Знаешь, Семен, кем оказался тот, кого принесли на носилках ночью? Эта Антонинища так мне тогда и не сказала. Но он сам рекомендовался:

– Сухохлебов Василий Харитонович. Полковник.

У него тяжелая контузия. Очень мучается. Стараемся с помощью наркотиков держать его в состоянии полусна. Впрочем, у него не поймешь, спит или бодрствует. Но я уже научилась различать: когда бодрствует, лежит тихо, с закрытыми глазами, а во сне начинает метаться, стонет, командует: «Выбросьте роту из резерва на правый фланг…», «Аэродром не сдавать, держать до последнего…», «Левого соседа на провод…» Впрочем, и бодрствуя, он иногда, забывшись, разговаривает сам с собой. Такая у него, должно быть, привычка. Но тогда уж слов не разберешь.

Странные у него отношения с этой Антониной. Все свободное время она вертится около его койки, ловит каждое движение, то подушку поправит, то одеяло подоткнет. Он относится к ней с ласковой шутливостью, как и к моим ребятам. На меня она волком смотрит, должно быть, из-за этого парня, из-за Мудрика, которому я влепила пощечину. Тетя Феня, это наше госпитальное Совинформбюро, уже как-то прознала, что он будто бы суженый Антонины. Впрочем, что она вкладывает в понятие «суженый», так и осталось неустановленным.
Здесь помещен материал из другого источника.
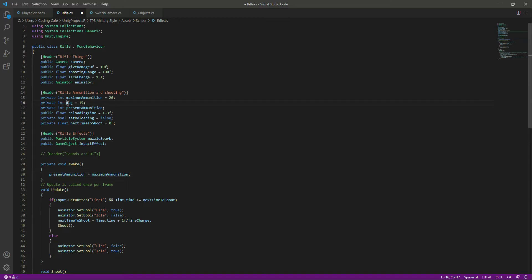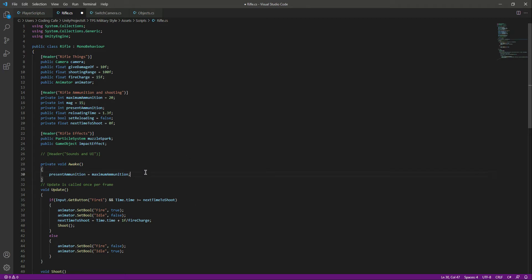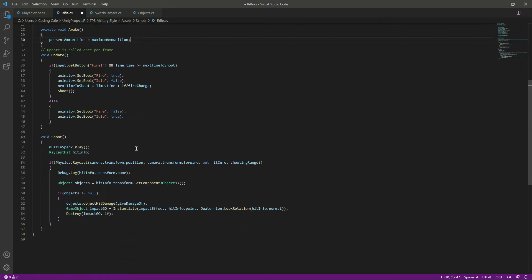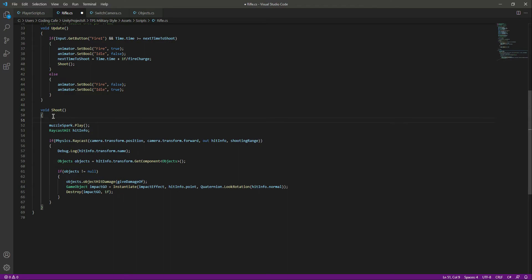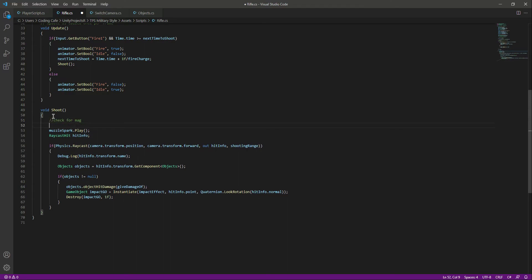We have a total of 15 magazines for the rifle. We want to decrease the magazine count once we finish the present ammunition. It is 20, so when we fire 20 times, the magazine should show 14 left, then 13, 12, 11, and so on. For that, inside the shoot function we will check for the magazines.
А я сейчас вдруг поймала себя на странной мысли, что этот Сухохлебов напоминает тебя, Семен.

Вообще-то трудно себе и представить двух более непохожих людей, чем вы. Ты – коренастый, плотный, как гриб подосиновик. У тебя широкое, полное лицо. Сухохлебов высок, костист да еще к тому же носат. Кажется, взяли его когда-то за голову и за ноги и долго тянули, а потом потащили за нос. Руки у него длинные, худые, на них обозначились вспухшие вены.

У тебя, Семен, как у всех блондинов, отдающих в рыжину, кожа светлая, даже розовая, у него смугловатая, тусклая, покрытая сероватой щетиной, а на лбу и у глаз морщины. Но когда он улыбается, – а он, несмотря на тяжелое свое состояние, улыбается нередко, – морщины укладываются так уютно и весело, что он сразу будто молодеет.

Внешне вы совсем разные люди и все же чем-то похожи. А чем – не знаю и понять не могу. Он молчалив, но его не назовешь нелюдимым. Наоборот, со всеми ходячими он уже в дружбе. Ребята наши в нем души не чают. А вот разговорить его трудно: «да», «нет» – и все. Наседкин после обхода присаживается на его койку именно «помолчать». Молчать они могут долго, думая каждый о своем.